- Born: 1961 or 1962 (age 64–65)
- Education: University of Texas at Austin (B.J., 1983)
- Occupation: Journalist
- Employer: Time (1988-2007)

= Lisa Beyer =

American journalist

Lisa Beyer (born 1961 or 1962) is an American journalist and editor. Beyer worked at Time magazine from 1988 until early 2007, serving as the magazine's bureau chief in Jerusalem between 1991 and 2000. After leaving Time, she served as vice president of communications at the International AIDS Vaccine Initiative (IAVI).
==Career==
Beyer began her career as an editor for the Daily Texan in the early 1980s, serving as editor-in-chief for 1982-1983, while also working part-time for the Austin American-Statesman.

In 1983, Beyer was awarded a Henry Luce Scholarship where she was able to travel to Hong Kong working for Asiaweek as a staff writer. After the completion of her scholarship in 1985, she continued with Asiaweek as a journalist in Singapore. While there, she drew ire from the Singaporean government in for reporting on Operation Spectrum in September 1987. In May 1988, the magazine told Beyer they were relocating her to Hong Kong to prevent government restrictions on the magazine's circulation. Beyer resigned in June 1988.

She began working for TIME magazine as a staff writer in 1988. In November 1990, she became an associate editor in their World section.

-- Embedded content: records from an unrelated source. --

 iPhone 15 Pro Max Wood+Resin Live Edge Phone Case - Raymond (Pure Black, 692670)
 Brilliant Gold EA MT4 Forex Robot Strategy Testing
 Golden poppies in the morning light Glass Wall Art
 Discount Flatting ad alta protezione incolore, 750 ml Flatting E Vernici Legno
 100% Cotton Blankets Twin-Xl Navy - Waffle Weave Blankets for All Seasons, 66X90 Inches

While in this position, she reported from Israel, Egypt, Jordan, Syria and Bahrain, and covered the Gulf War.

Beyer served as Time bureau chief in Jerusalem beginning in 1991. During her time there, she interviewed Yasser Arafat, Yitzhak Rabin, Benjamin Netanyahu, and Ehud Barak. In 1995, she covered the assassination of Yitzhak Rabin while on maternity leave with her six-week-old son.

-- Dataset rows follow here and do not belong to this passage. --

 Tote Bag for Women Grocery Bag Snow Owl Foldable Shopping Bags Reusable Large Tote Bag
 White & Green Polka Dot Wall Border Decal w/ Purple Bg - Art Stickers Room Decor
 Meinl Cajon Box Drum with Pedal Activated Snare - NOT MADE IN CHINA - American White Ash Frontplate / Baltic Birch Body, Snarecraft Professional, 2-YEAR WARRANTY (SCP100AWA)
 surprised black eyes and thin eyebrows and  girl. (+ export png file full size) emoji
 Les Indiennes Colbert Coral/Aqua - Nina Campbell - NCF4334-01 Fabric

In 2000, she left Jerusalem to begin working in New York City as a Senior Editor for TIME magazine. She worked as an editor in the Society section until October 2001. At that point, she was switched to the World section as a foreign editor, given her knowledge of Middle Eastern politics and Islamic extremism in the wake of the 9/11 attacks. She remained in the position until at least 2003, and covered the death of Yasser Arafat for the magazine in 2004.

In 2007, she joined the International AIDS Vaccine Initiative as vice president of communications, remaining with the organization until at least 2013.

Beyer has published columns at Bloomberg since at least 2013.

==Awards and honors==

- 1983 Henry Luce Scholar
- 2003 Outstanding Young Texas Ex

==Personal life and education==
A native of Lafayette Parish, Louisiana, Beyer was raised by a "lapsed Cajun Catholic" mother and a Pentecostal father.

Beyer studied journalism at the University of Texas at Austin, graduating in 1983.

Beyer has also lived in Austin, Texas, Hong Kong, Singapore and now resides in New York City.

While working as Time bureau chief in Jerusalem, she met American-Israeli magazine editor Ze'ev Chafets, whom she married in 1994. She was his third wife and they had two children, whom they raised as Reform Jews. After living in Israel for nine years, the couple moved to Pelham, New York in late 2000.